# Night lighting: Arcadia Moonlight Vs. White Python Moonlight



## Manchanification (Jan 25, 2014)

Hello all.

I'm looking to get some night lighting for my leo's viv and I can't make up my mind between the arcadia led system and the white python led system (Links below for descrips)

Does anyone have any experience with either or both as to which is better?

Ta in advance for any help 

White Python: WhitePython

Arcadia Moonlight: Blue Moonlight LED Striplight : Arcadia Reptile


----------



## sharpstrain (May 24, 2008)

I have the Arcadia - it is very good :no1:


----------



## reptiles-ink (Nov 4, 2006)

I don't use either of those but the white python one is easier to get a dimmer control for.


----------



## Manchanification (Jan 25, 2014)

Do you know how long the strip you get is? The viv is just shy of 3 foot and I'm wondering if one on it's own will be enough?


----------



## Arcadiajohn (Jan 30, 2011)

The Arcadia version is not able to be dimmed but it is totally IP68 waterproof.

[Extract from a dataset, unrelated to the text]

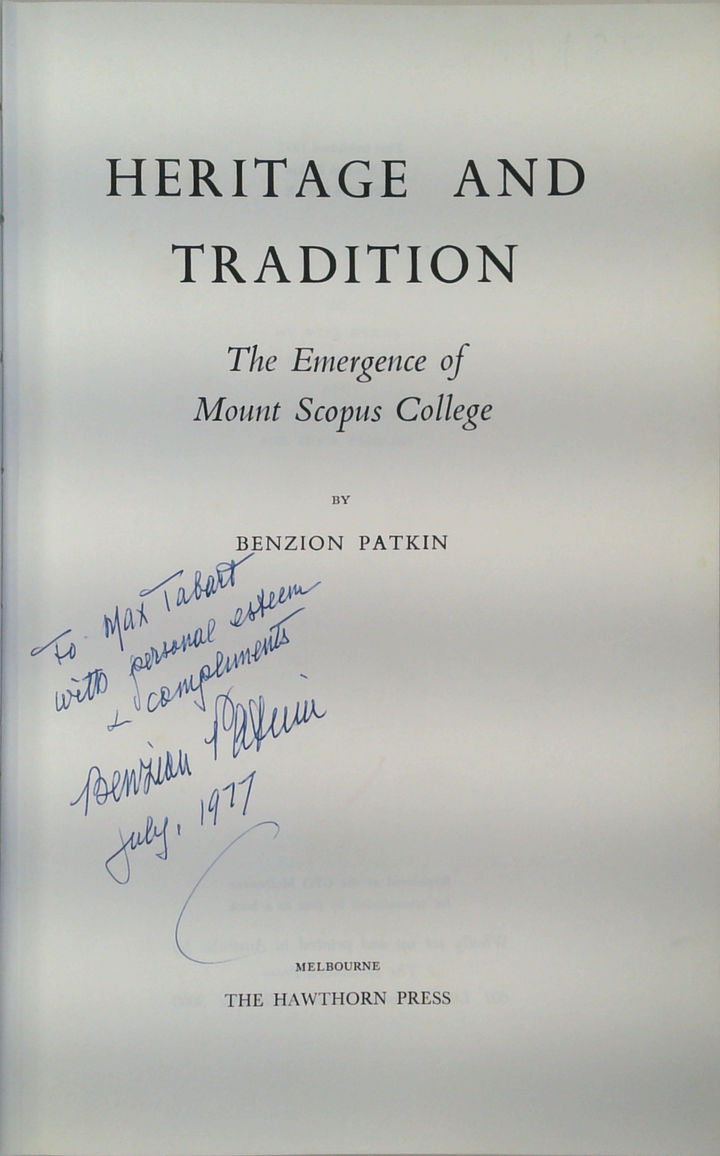 Heritage And Tradition: The Emergence Of Mount Scopus College (SIGNED)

It has a lenticular lens inside so that it does not produce potentially harmful shafts of light and it produces light in this flood at around 460-480nm

It is a complete kit that can be fitted with suckers or wood screws (both included)

One unit will light a viv to crepuscular levels of 3' on its own.

John


----------



## Manchanification (Jan 25, 2014)

Arcadiajohn said:


> The Arcadia version is not able to be dimmed but it is totally IP68 waterproof.
> 
> It has a lenticular lens inside so that it does not produce potentially harmful shafts of light and it produces light in this flood at around 460-480nm
> 
> ...


 Please excuse me for being dense but how would the shafts of light produced by LEDS without a lenticular lens be harmful?

Thanks for the info


----------



## Arcadiajohn (Jan 30, 2011)

Light from any source that hits the eye can cause irritation. LEDs make this worse as they are point source by nature.

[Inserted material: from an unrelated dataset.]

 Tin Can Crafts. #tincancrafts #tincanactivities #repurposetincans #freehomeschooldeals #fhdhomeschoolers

It is therefore a great idea to spread the source of the light to reduce the pin spotting of the source. 

In Jungle Dawn we use "flood LEDs" grouped close together and in the moonlight we use a lens to turn the point into a flood.

This then reduces any risk of PKC

John


----------



## Manchanification (Jan 25, 2014)

Ok thanks for the info


----------



## s6t6nic6l (May 15, 2010)

Lucky Reptile - Products

I use these on all enclosures for all types of critters. depending on lighting needs I use either one or two in the enclosure.
no need for transformer running costs as they just screw into E27 fixtures.
great in wooden vivs as you can hide them behind top plinths and angle holder for required lighting effect. for glass tanks I use a glowlight placed on glass that has replaced the mesh used on lid or a custom lid has been used.
examples:
very tall viv has 1 bulb(0.5W) for a chameleon that does not disrupt her sleep whatsoever and gives a nice night time scene.
wide shallow viv has 2 bulbs(1W) for a corn snake for viewing its activities at any time.
FYI: all moonlight bulbs are turned of at midnight 
just another option for ya to consider.


----------



## reptiles-ink (Nov 4, 2006)

s6t6nic6l said:


> Lucky Reptile - Products
> 
> I use these on all enclosures for all types of critters. depending on lighting needs I use either one or two in the enclosure.
> no need for transformer running costs as they just screw into E27 fixtures.
> ...


 
Just a pity that they charge so much for them.
I used to supply the exact same ones without their name on the packaging for £1.50


----------



## s6t6nic6l (May 15, 2010)

reptiles-ink said:


> Just a pity that they charge so much for them.
> I used to supply the exact same ones without their name on the packaging for £1.50


obviously I look for the cheapest on the market when purchasing but were much cheaper when last one was bought online some while back.
I don't worry too much about the pennies if something is needed for a setup and as quoted these do me fine and will buy more if and when the need arises whatever the cost. I have 7 already so...........


----------